(Aim of the exercise): Retype each of the entries below exactly as written.

(Supplied material):
——

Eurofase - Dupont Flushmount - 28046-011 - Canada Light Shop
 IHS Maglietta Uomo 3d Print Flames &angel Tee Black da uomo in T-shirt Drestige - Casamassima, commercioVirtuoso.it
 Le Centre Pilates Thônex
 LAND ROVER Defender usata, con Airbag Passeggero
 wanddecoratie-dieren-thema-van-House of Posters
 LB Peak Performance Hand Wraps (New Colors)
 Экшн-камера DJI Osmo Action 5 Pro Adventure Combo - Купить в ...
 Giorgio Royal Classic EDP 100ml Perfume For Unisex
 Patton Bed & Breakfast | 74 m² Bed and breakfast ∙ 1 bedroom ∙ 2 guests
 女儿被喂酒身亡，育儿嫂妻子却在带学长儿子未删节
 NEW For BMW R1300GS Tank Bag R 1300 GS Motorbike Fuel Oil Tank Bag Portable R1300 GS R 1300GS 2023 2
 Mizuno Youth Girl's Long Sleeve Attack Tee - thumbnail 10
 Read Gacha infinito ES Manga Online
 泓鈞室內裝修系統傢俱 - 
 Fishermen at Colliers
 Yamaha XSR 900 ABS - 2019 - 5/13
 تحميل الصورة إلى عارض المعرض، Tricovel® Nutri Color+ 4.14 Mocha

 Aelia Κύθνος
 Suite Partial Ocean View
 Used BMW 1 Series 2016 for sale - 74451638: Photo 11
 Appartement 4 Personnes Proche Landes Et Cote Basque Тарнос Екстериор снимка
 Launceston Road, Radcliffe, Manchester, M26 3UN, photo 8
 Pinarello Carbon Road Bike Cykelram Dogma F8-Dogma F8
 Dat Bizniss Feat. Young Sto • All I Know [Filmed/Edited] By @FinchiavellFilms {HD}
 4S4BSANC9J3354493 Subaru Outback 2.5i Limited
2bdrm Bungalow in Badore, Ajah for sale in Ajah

——

(Completed exercise):
Eurofase - Dupont Flushmount - 28046-011 - Canada Light Shop
 IHS Maglietta Uomo 3d Print Flames &angel Tee Black da uomo in T-shirt Drestige - Casamassima, commercioVirtuoso.it
 Le Centre Pilates Thônex
 LAND ROVER Defender usata, con Airbag Passeggero
 wanddecoratie-dieren-thema-van-House of Posters
 LB Peak Performance Hand Wraps (New Colors)
 Экшн-камера DJI Osmo Action 5 Pro Adventure Combo - Купить в ...
 Giorgio Royal Classic EDP 100ml Perfume For Unisex
 Patton Bed & Breakfast | 74 m² Bed and breakfast ∙ 1 bedroom ∙ 2 guests
 女儿被喂酒身亡，育儿嫂妻子却在带学长儿子未删节
 NEW For BMW R1300GS Tank Bag R 1300 GS Motorbike Fuel Oil Tank Bag Portable R1300 GS R 1300GS 2023 2
 Mizuno Youth Girl's Long Sleeve Attack Tee - thumbnail 10
 Read Gacha infinito ES Manga Online
 泓鈞室內裝修系統傢俱 - 
 Fishermen at Colliers
 Yamaha XSR 900 ABS - 2019 - 5/13
 تحميل الصورة إلى عارض المعرض، Tricovel® Nutri Color+ 4.14 Mocha

 Aelia Κύθνος
 Suite Partial Ocean View
 Used BMW 1 Series 2016 for sale - 74451638: Photo 11
 Appartement 4 Personnes Proche Landes Et Cote Basque Тарнос Екстериор снимка
 Launceston Road, Radcliffe, Manchester, M26 3UN, photo 8
 Pinarello Carbon Road Bike Cykelram Dogma F8-Dogma F8
 Dat Bizniss Feat. Young Sto • All I Know [Filmed/Edited] By @FinchiavellFilms {HD}
 4S4BSANC9J3354493 Subaru Outback 2.5i Limited
2bdrm Bungalow in Badore, Ajah for sale in Ajah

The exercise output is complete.